The RFC with the broadest impact is for changes to S&P’s covered bond criteria to take into account the EU Bank Recovery & Resolution Directive (BRRD) – an RFC S&P had in May flagged was on its way.
“We are proposing to change the starting point of our analysis and the determination of the maximum achievable covered bond rating,” the rating agency said today.
S&P said that, if issuing banks take no mitigating actions, about one-fifth of its covered bond ratings could be affected by changes proposed in this RFC, with one-tenth being downgraded, by an average of 1.3 notches, and one-tenth upgraded, by an average of 1.7 notches.

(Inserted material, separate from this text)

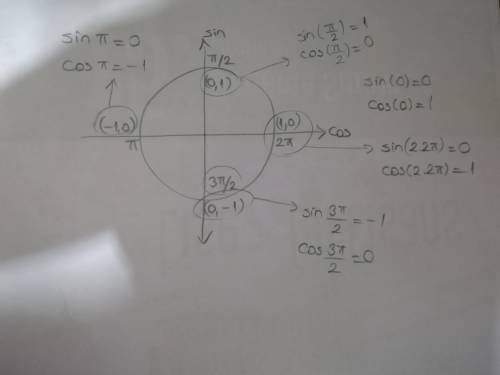 Найдите косинусы и синусы углов 0,п/2 п 3п/2 4п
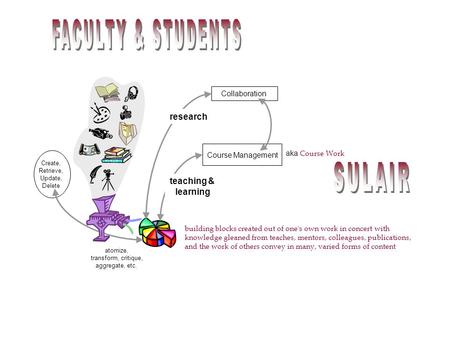 Create, Retrieve, Update, Delete Collaboration atomize, transform, critique, aggregate, etc. teaching & learning research Course Management aka Course.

A second RFC is on revisions to assumptions S&P uses in its analysis of public sector and certain other assets in cover pools, which the rating agency said aims to enhance comparability with its criteria for analysing similar asset types. The third RFC proposes an update to S&P’s cashflow assumptions for modelling covered bonds, specifically a change to the cut-off parameter in its Covered Bond Monitor cashflow model.
S&P said it intends to publish and implement the final criteria simultaneously if the proposals in these RFCs are adopted.
It said that their joint implementation as proposed is expected to affect fewer than one-third of the covered bonds it rates, with 19% of ratings being lowered, by an average of 1.4 notches, and 9% being raised, by an average of 1.7 notches – barring any mitigating actions and based on today’s ratings.
“That’s mainly because of the lower degree of uplift we expect to give to programs with voluntary overcollateralisation or that do not have six months’ of liquidity,” said S&P. “In addition, some of the negative rating actions would be driven by our updated credit assumptions, in cases where these assumptions would increase target credit enhancement levels for the current rating above currently available credit enhancement.”
The deadline for responses to the RFCs is 6 October.